Your assignment
Copy only those lines which run from the line containing "de pré-temporada O" to the end of the entries below, both inclusive, exactly as written and with no pictures.

- - - -

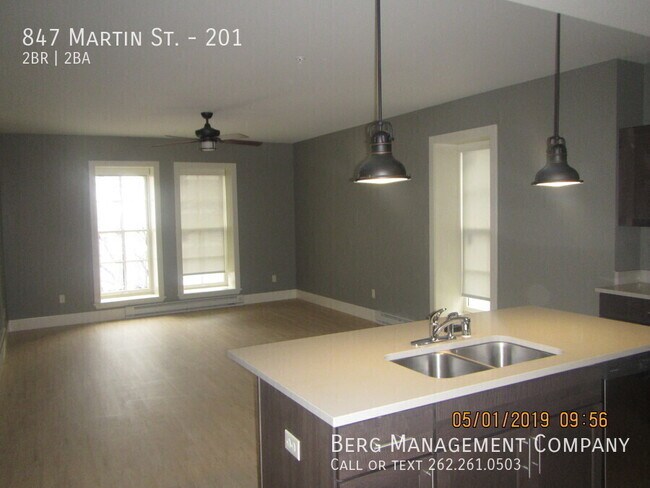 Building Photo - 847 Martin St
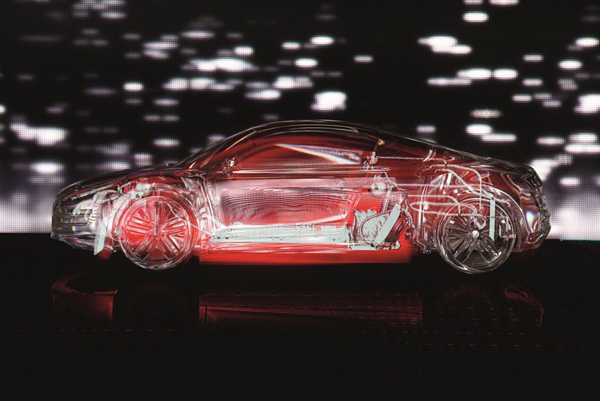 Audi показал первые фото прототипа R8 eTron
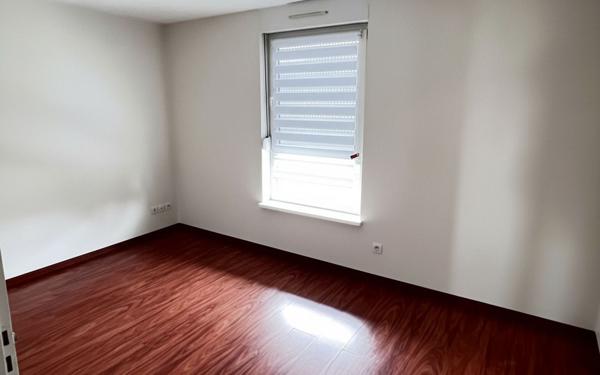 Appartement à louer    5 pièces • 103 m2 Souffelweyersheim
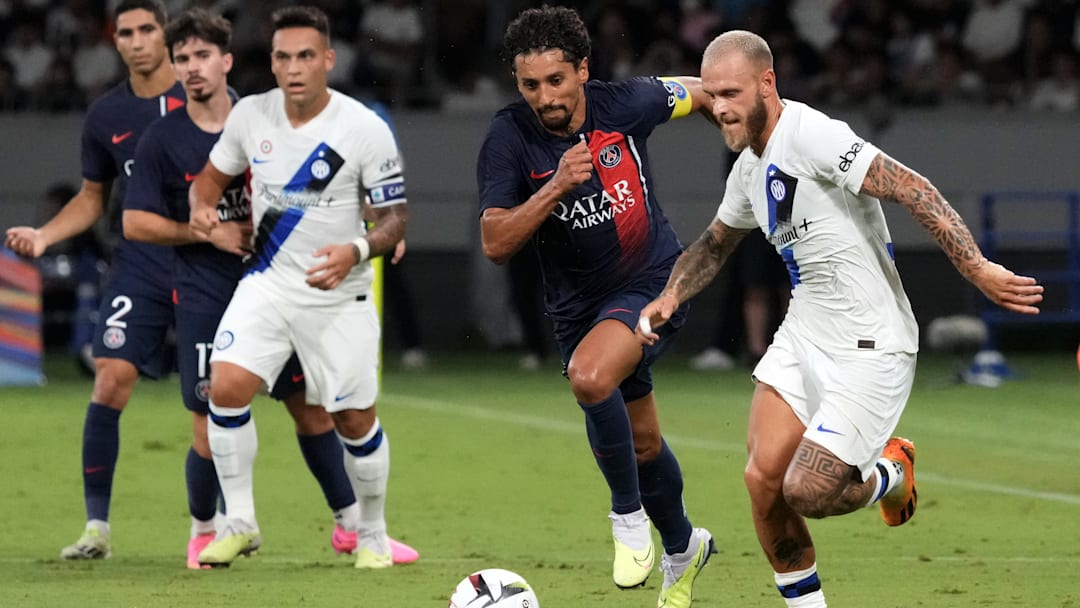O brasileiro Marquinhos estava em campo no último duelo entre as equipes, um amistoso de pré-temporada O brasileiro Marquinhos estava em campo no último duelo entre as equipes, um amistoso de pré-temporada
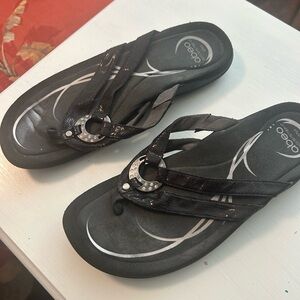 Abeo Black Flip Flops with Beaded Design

- - - -

Written answer
O brasileiro Marquinhos estava em campo no último duelo entre as equipes, um amistoso de pré-temporada O brasileiro Marquinhos estava em campo no último duelo entre as equipes, um amistoso de pré-temporada
 Abeo Black Flip Flops with Beaded Design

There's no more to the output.